▶ Problem statement:
The records below are to be reproduced exactly, with every picture left out.

(Raw data Opens)

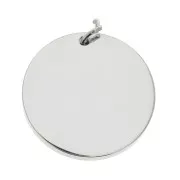 20mm stainless steel round pendant with open jump ring x1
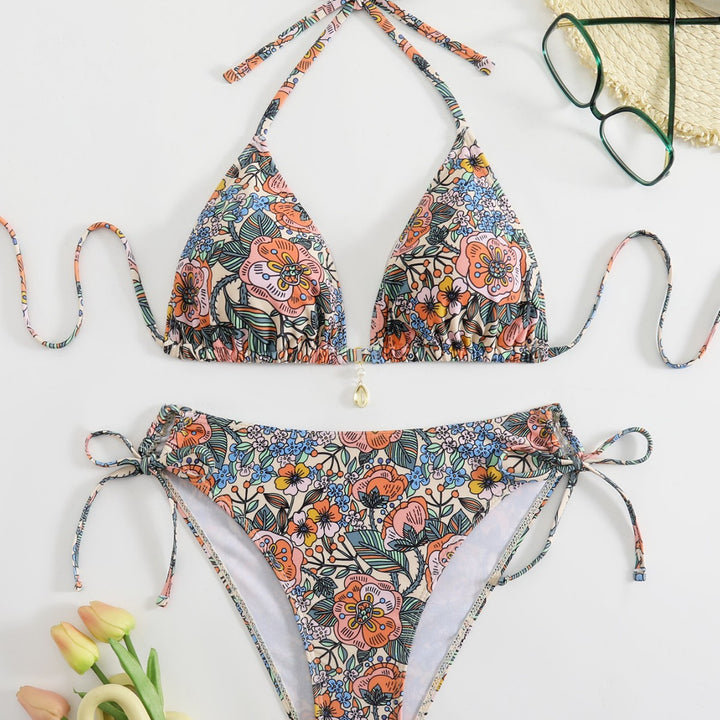 Damen Bikini-Set mit verspieltem Blumenmuster und verstellbaren Trägern Drune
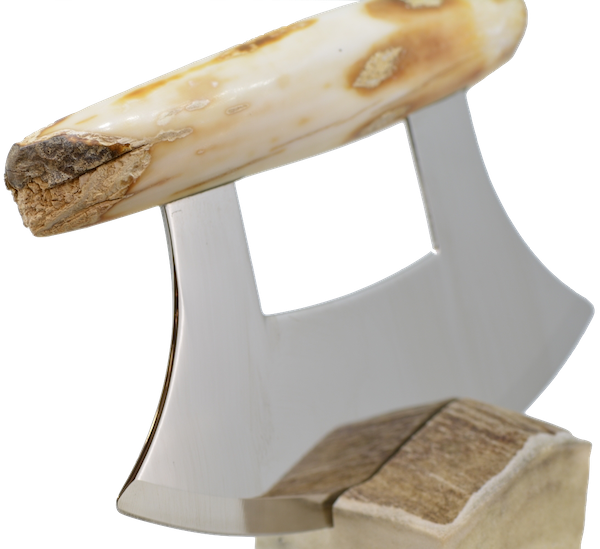 Ulu Knife with Fossilized Walrus Ivory Handle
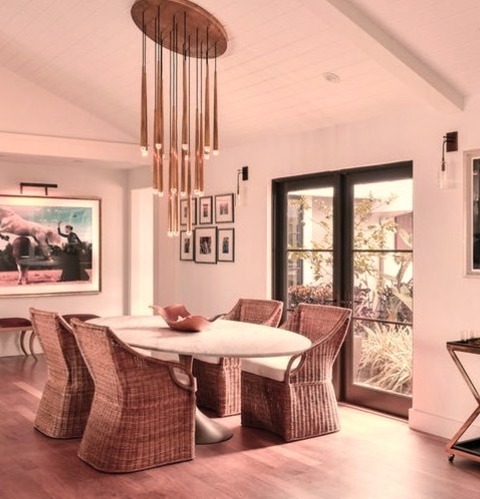 Seattle Transitional Dining RoomA Large Image Of A Great Room With White Walls And A Brown Floor In A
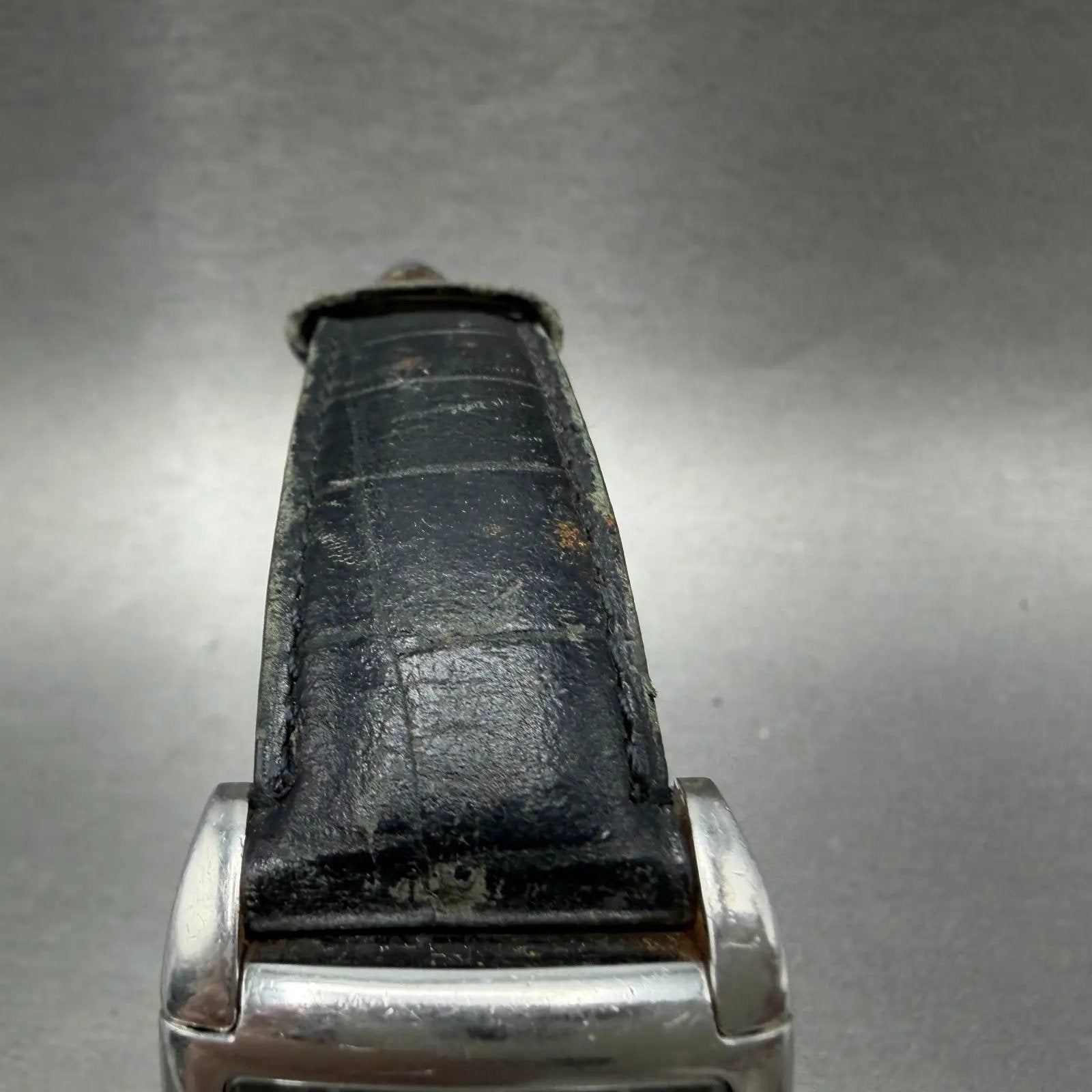 Emporio Armani Tank Watch Men 29mm Gray Dial Steel Date Rectangle AR-0272 NewBat4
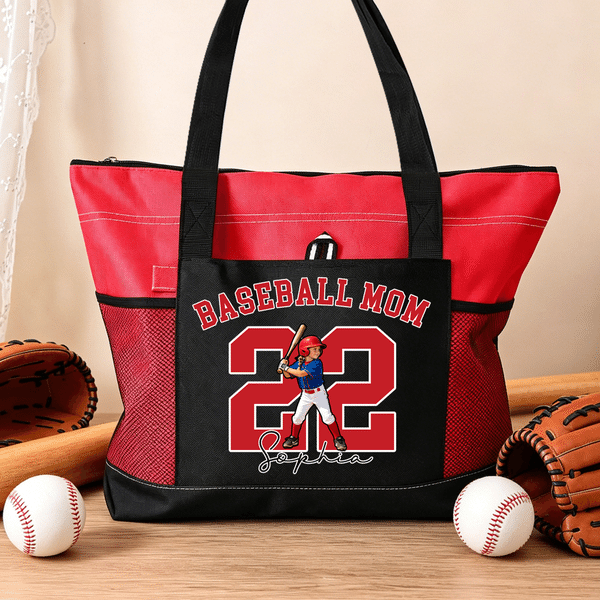 Personalized Sports Photo Large Tote Bag with Name Number Text and Mesh Pockets Daily Use Travel Birthday Gift for Women Sports Lovers
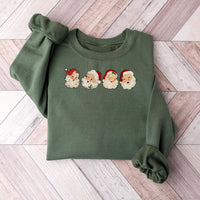 Mid Century Vintage Christmas Graphic Crewneck, Retro Santa Sweatshirt, Nostalgic Holiday Pullover, Adorable Festive Winter Sweater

(Raw data Closes)

▶ Exercise solution:
 20mm stainless steel round pendant with open jump ring x1
 Damen Bikini-Set mit verspieltem Blumenmuster und verstellbaren Trägern Drune
 Ulu Knife with Fossilized Walrus Ivory Handle
 Seattle Transitional Dining RoomA Large Image Of A Great Room With White Walls And A Brown Floor In A
 Emporio Armani Tank Watch Men 29mm Gray Dial Steel Date Rectangle AR-0272 NewBat4
 Personalized Sports Photo Large Tote Bag with Name Number Text and Mesh Pockets Daily Use Travel Birthday Gift for Women Sports Lovers
 Mid Century Vintage Christmas Graphic Crewneck, Retro Santa Sweatshirt, Nostalgic Holiday Pullover, Adorable Festive Winter Sweater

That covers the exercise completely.